▸ WHAT IS NEEDED
Transcribe the entries that follow, every word as written, and drop the pictures.

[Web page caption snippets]

"""

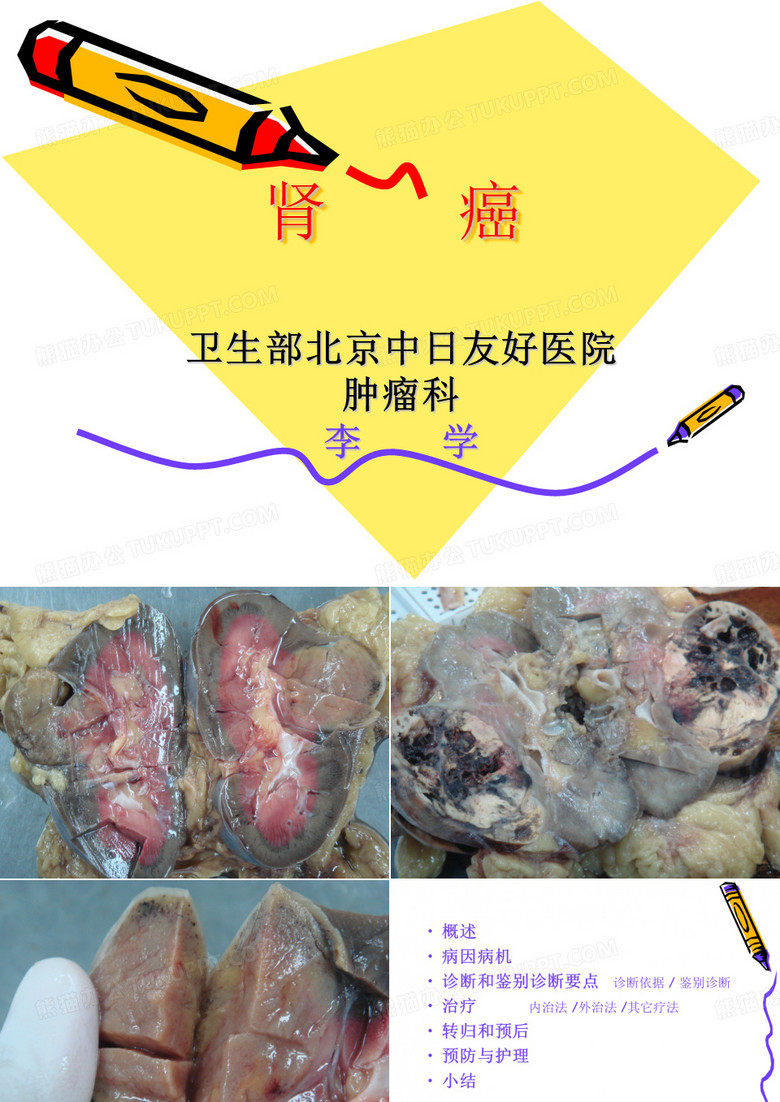 肾癌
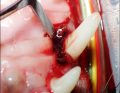 WWP_7_8_18_RACJONALNE_STOSOWANIE_ANTYBIOTYKOW_W_STOMATOLOGII_RYC_4_G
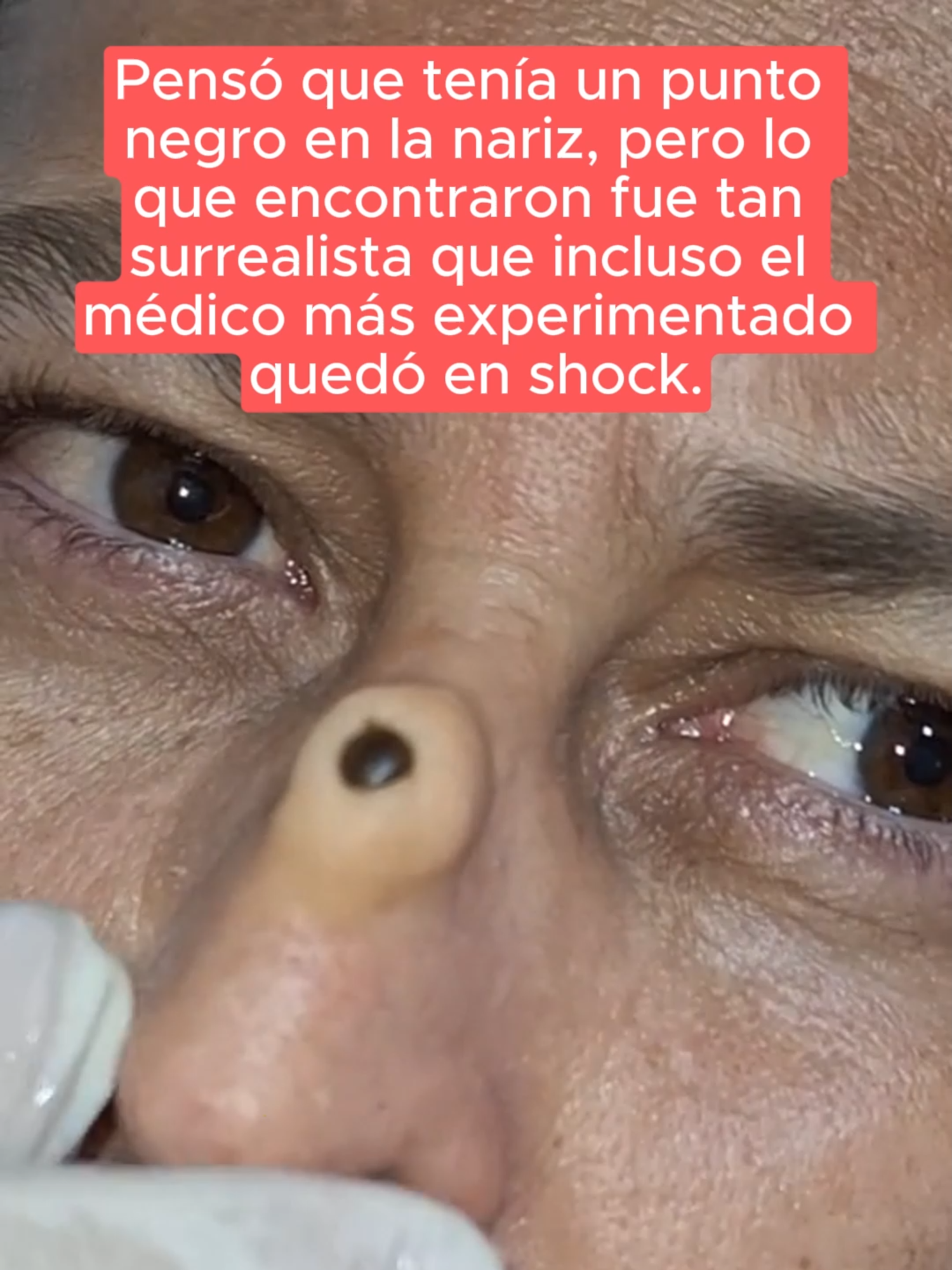 #nariz #nose #medic #historias #historia #caso #misterio #us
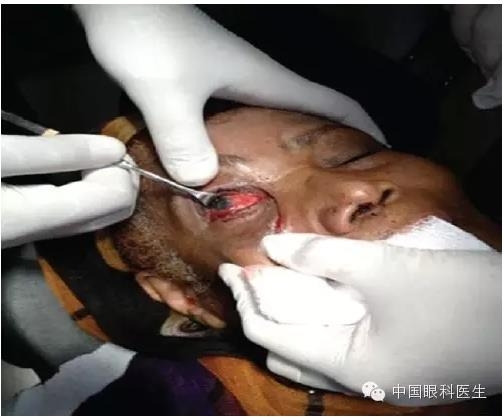 ��������������λ���ָ�λ 1 ��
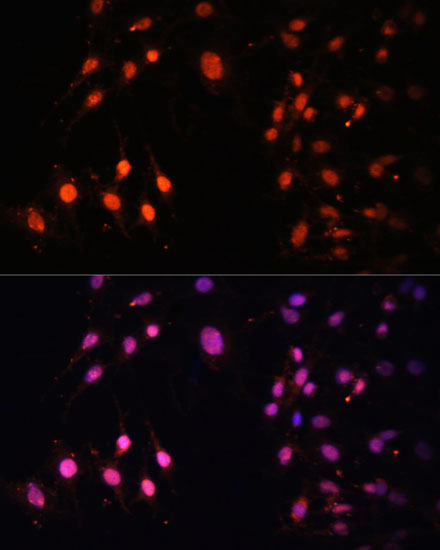 SETD2 antibody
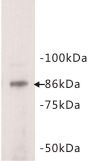 Signal Transducer And Activator of Transcription 3 (STAT3) Antibody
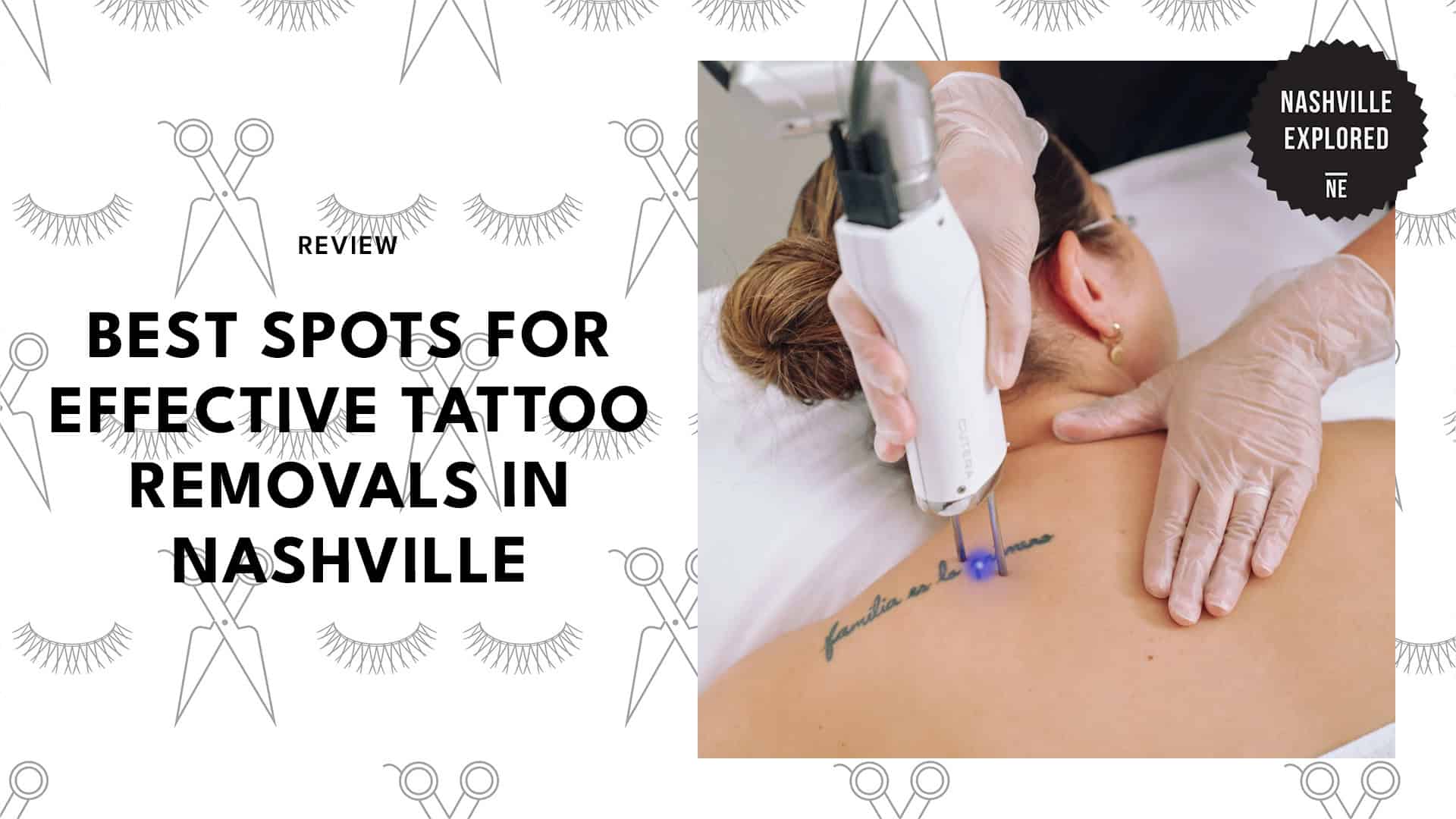 tattoo-removal-providers-in-nashville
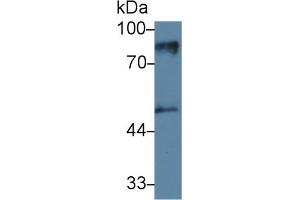 Detection of PKCe in Mouse Cerebrum lysate using Monoclonal Antibody to Protein Kinase C Epsilon (PKCe) (PKC epsilon Antikörper  (AA 403-672))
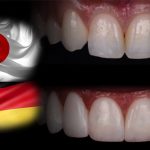 کامپوزیت آلمانی یا ژاپنی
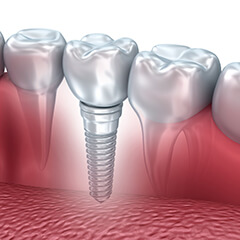 dental implants calgary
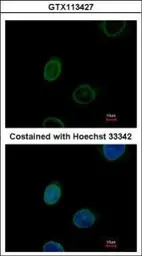 Anti-Emerin antibody used in Immunocytochemistry/ Immunofluorescence (ICC/IF). GTX113427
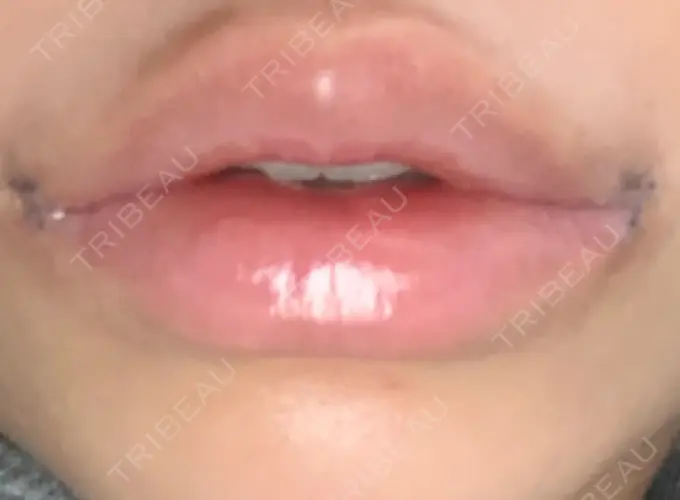 口角挙上 新宿ラクル美容外科クリニック 新宿院 DAY 4 メイン用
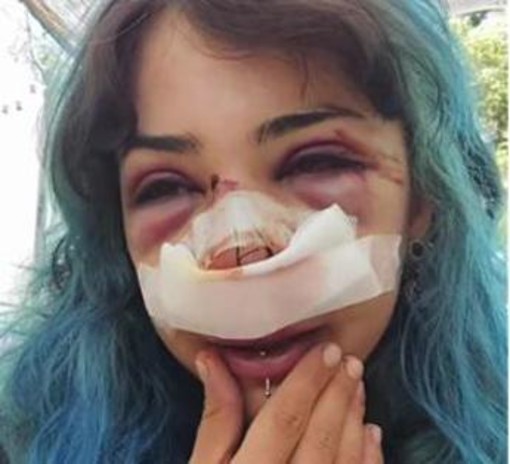 Bari, studentessa picchiata al parco: indagati per lesioni e rapina custode bagni e il compagno Bari, studentessa picchiata al parco: indagati per lesioni e rapina custode bagni e il compagno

"""

▸ TASK RESULT
 肾癌
 WWP_7_8_18_RACJONALNE_STOSOWANIE_ANTYBIOTYKOW_W_STOMATOLOGII_RYC_4_G
 #nariz #nose #medic #historias #historia #caso #misterio #us
 ��������������λ���ָ�λ 1 ��
 SETD2 antibody
 Signal Transducer And Activator of Transcription 3 (STAT3) Antibody
 tattoo-removal-providers-in-nashville
 Detection of PKCe in Mouse Cerebrum lysate using Monoclonal Antibody to Protein Kinase C Epsilon (PKCe) (PKC epsilon Antikörper  (AA 403-672))
 کامپوزیت آلمانی یا ژاپنی
 dental implants calgary
 Anti-Emerin antibody used in Immunocytochemistry/ Immunofluorescence (ICC/IF). GTX113427
 口角挙上 新宿ラクル美容外科クリニック 新宿院 DAY 4 メイン用
 Bari, studentessa picchiata al parco: indagati per lesioni e rapina custode bagni e il compagno Bari, studentessa picchiata al parco: indagati per lesioni e rapina custode bagni e il compagno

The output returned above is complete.